In this part of September we can smell both summer and winter. We are perfect and hopelessly flawed. We long for all we can't have, and we have everything we could possibly desire. Somewhere else there is a war. We are still responsible. Somewhere else someone is happier. We don't know about it. The moment passes. The present keeps arriving.

Saturday, September 17, 2005


Natalee Caple, Melanie Little, and Larissa Lai at the Auburn after the recent Markin-Flanagan Arrival and Departure reading Posted by Picasa

time warp

Recently received an email from an old Newfoundland friend of mine. When I left I was running away. I was sixteen, and sad. I kept in touch with a few people for awhile, but they all drifted off after a few years. The internet is a strange thing. It changes our geographies. It also changes our relationship to time, the landscape of our histories.
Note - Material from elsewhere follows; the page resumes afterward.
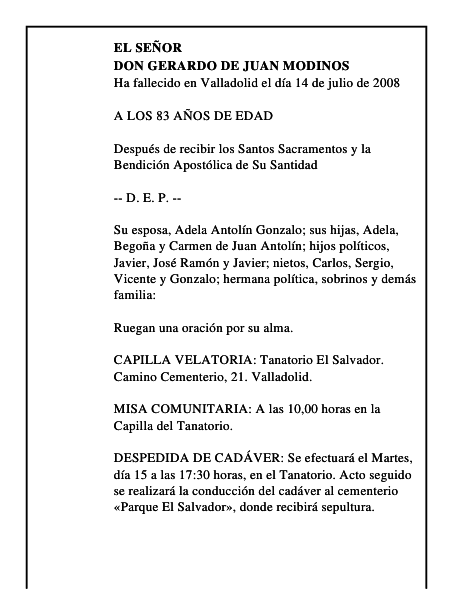 DON GERARDO DE JUAN MODINOS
Would you ever want to get back inside your childhood? There are so many novels out there written by adults from a child's point of view. But none of them get inside it. How could they? Childhood is about a completely different way of seeing, may be one that has little to do with language, and articulation.

I'm re-reading Hiromi Goto's Chorus of Mushrooms. It isn't about childhood, but it is about getting inside an unoccupiable subjectivity. She writes in English, attempting to create the interior Japanese-language chatter of an old grandmother. And it works, because she doesn't strive for realist accuracy but shoots straight for a kind of poetic fantastic.

Saturday, September 03, 2005

ceci n'est pas une pipe

Went to see Chad Van Gaalen at Truck last night.

Liked in particular a series of drawings he did with school children, having them draw for a certain period of time, and then pass on incomplete drawings to the next child to add to for a few rounds, kind of like the Surrealist game Exquisite Corpse, except that each kid can see what the kid before did, and can add on anywhere. The results were extraordinary, all these creatures and bits of creatures-- really outlandish and strange. I think kids, collectively, are an open pipe to the unconscious.

Speaking of pipes, afterwards we stumbled into the tear down of an event put on by Performances in Peculiar Environments at level P1of the parkade at the Epcor Centre. We'd missed the show entirely. Felt like the end of a mysterious party in a nuclear fallout shelter.

you can't fix it, but it still matters what you see

Just finished Dionne Brand's What We All Long For. Devastating and amazing. It begins in the 1970s with a Vietnamese family losing their youngest son as they board a boat for a refugee camp. But it is mostly about a group of brown, twenty-something friends negotiating relationships-- to family, to one another, to art, to politics, to love and most of all to the city of Toronto. The voice of the lost boy, Quy, is wrenching. Reminds me of Toni Morrison's Beloved. He is brutalized and brutal, cynical and lacking in trust, completely innocent and completely lacking innocence at the same time. It is the voice of the Other coming at us direct, everything we are guilty of, everthing we want to forget, everything we long for.

I want to think about this as an Asian Canadian novel. Himani Bannerji's question "Who speaks?" has become interesting in a whole new way.